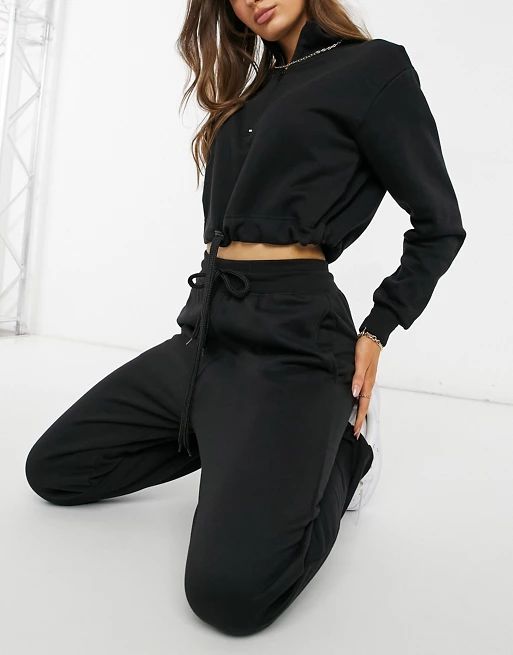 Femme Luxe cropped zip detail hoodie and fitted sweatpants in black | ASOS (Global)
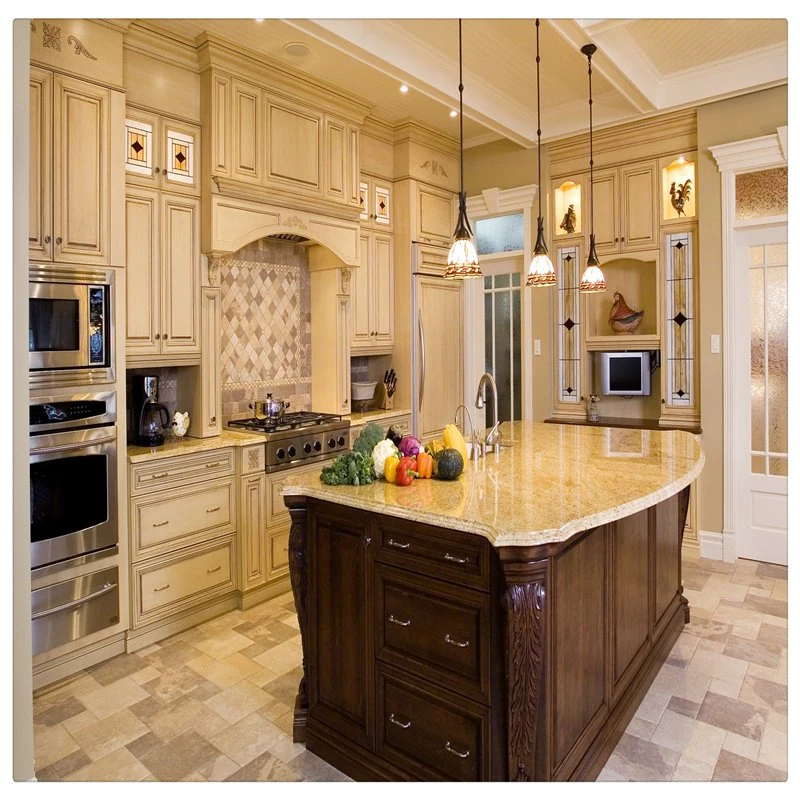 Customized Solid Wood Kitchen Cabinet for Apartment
...
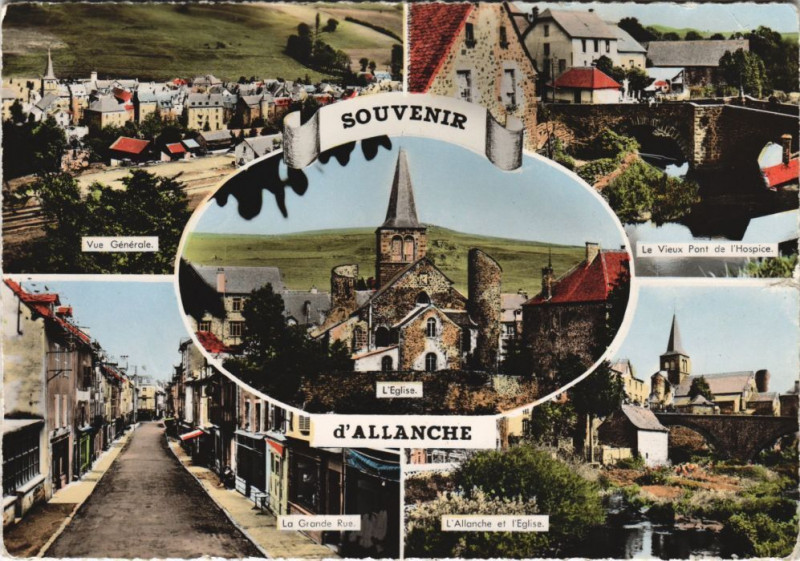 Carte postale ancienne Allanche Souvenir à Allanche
---
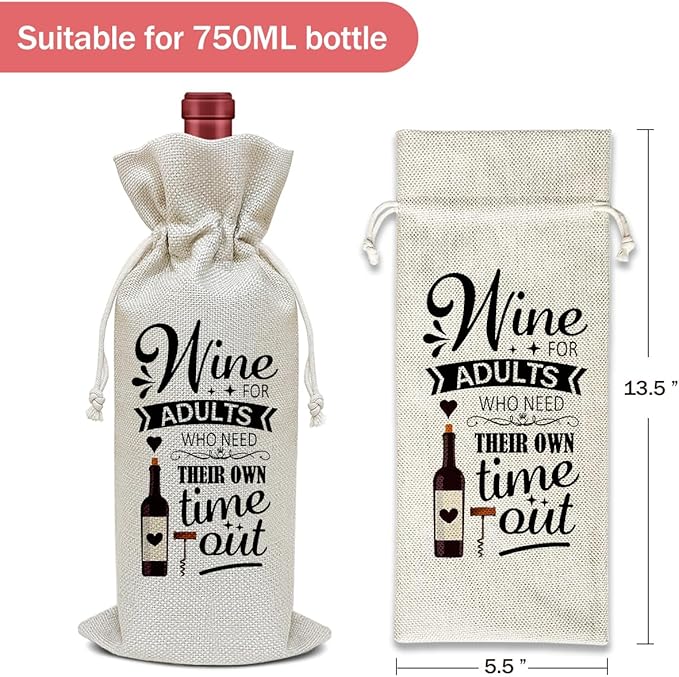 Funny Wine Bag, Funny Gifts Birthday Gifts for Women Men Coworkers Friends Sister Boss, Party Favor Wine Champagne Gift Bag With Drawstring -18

AIM OF THE TASK: Please repeat the lines of the material above exactly, starting with the line that contains "Femme Luxe cropped" and ending with the line that contains "Customized Solid Wood". Leave the pictures out.

ANSWER SECTION:
 Femme Luxe cropped zip detail hoodie and fitted sweatpants in black | ASOS (Global)
 Customized Solid Wood Kitchen Cabinet for Apartment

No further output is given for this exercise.